Township in Pennsylvania, US

Elk Township is a township in Tioga County, Pennsylvania, United States. The population was 45 at the 2020 census, and 49 at the 2010 census. There were five children under the age of 19 years.

Historical population
| Census | Pop. | Note | %± |
| 2000 | 51 |  | — |
| 2010 | 49 |  | −3.9% |
| 2020 | 45 |  | −8.2% |
| 2023 (est.) | 44 |  | −2.2% |
U.S. Decennial Census

==Geography==
According to the United States Census Bureau, the township has a total area of 74.0 sqmi, of which 73.9 sqmi is land and 0.1 sqmi (0.15%) is water.

Elk Township is bordered by Gaines and Shippen Townships to the north, Delmar and Morris Townships to the east, Lycoming County to the south and Potter County to the west.

==Demographics==
As of the census of 2000, there were 51 people, 24 households, and 18 families residing in the township. The population density was 0.7 people per square mile (0.3/km^{2}). There were 185 housing units at an average density of 2.5/sq mi (1.0/km^{2}). The racial makeup of the township was 100.00% White.

There were 24 households, out of which 12.5% had children under the age of 18 living with them, 66.7% were married couples living together, and 25.0% were non-families. 25.0% of all households were made up of individuals, and 4.2% had someone living alone who was 65 years of age or older.
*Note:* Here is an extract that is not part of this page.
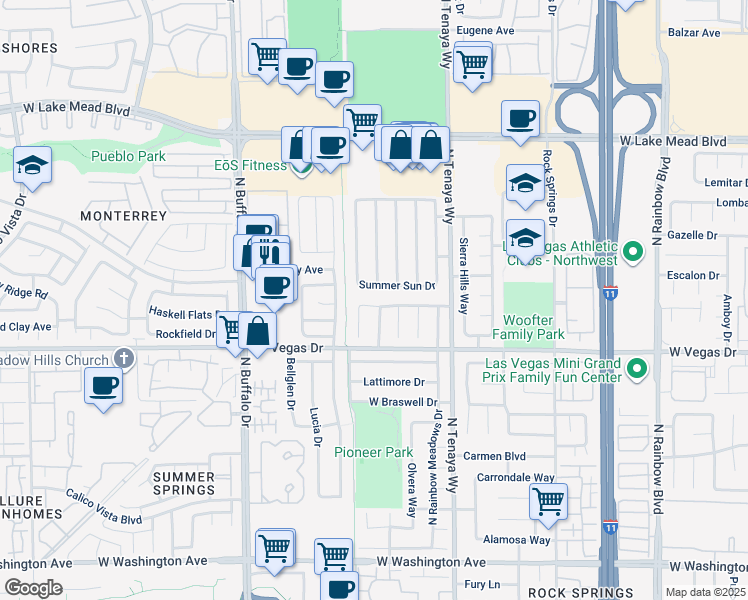 map of restaurants, bars, coffee shops, grocery stores, and more near 7424 Queen Palm Drive in Las Vegas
The average household size was 2.13 and the average family size was 2.44.

In the township the population was spread out, with 7.8% under the age of 18, 3.9% from 18 to 24, 19.6% from 25 to 44, 41.2% from 45 to 64, and 27.5% who were 65 years of age or older. The median age was 58 years. For every 100 females there were 112.5 males. For every 100 females age 18 and over, there were 104.3 males.

The median income for a household in the township was $29,583, and the median income for a family was $22,188. Males had a median income of $52,500 versus $0 for females. The per capita income for the township was $18,576. There were 17.6% of families and 11.8% of the population living below the poverty line, including no under eighteens and none of those over 64.

==Communities and locations==
- Leetonia - A village within the Tioga State Forest in the east-central part of the township.
- Tioga State Forest - The majority of Elk Township is covered by the Tioga State Forest.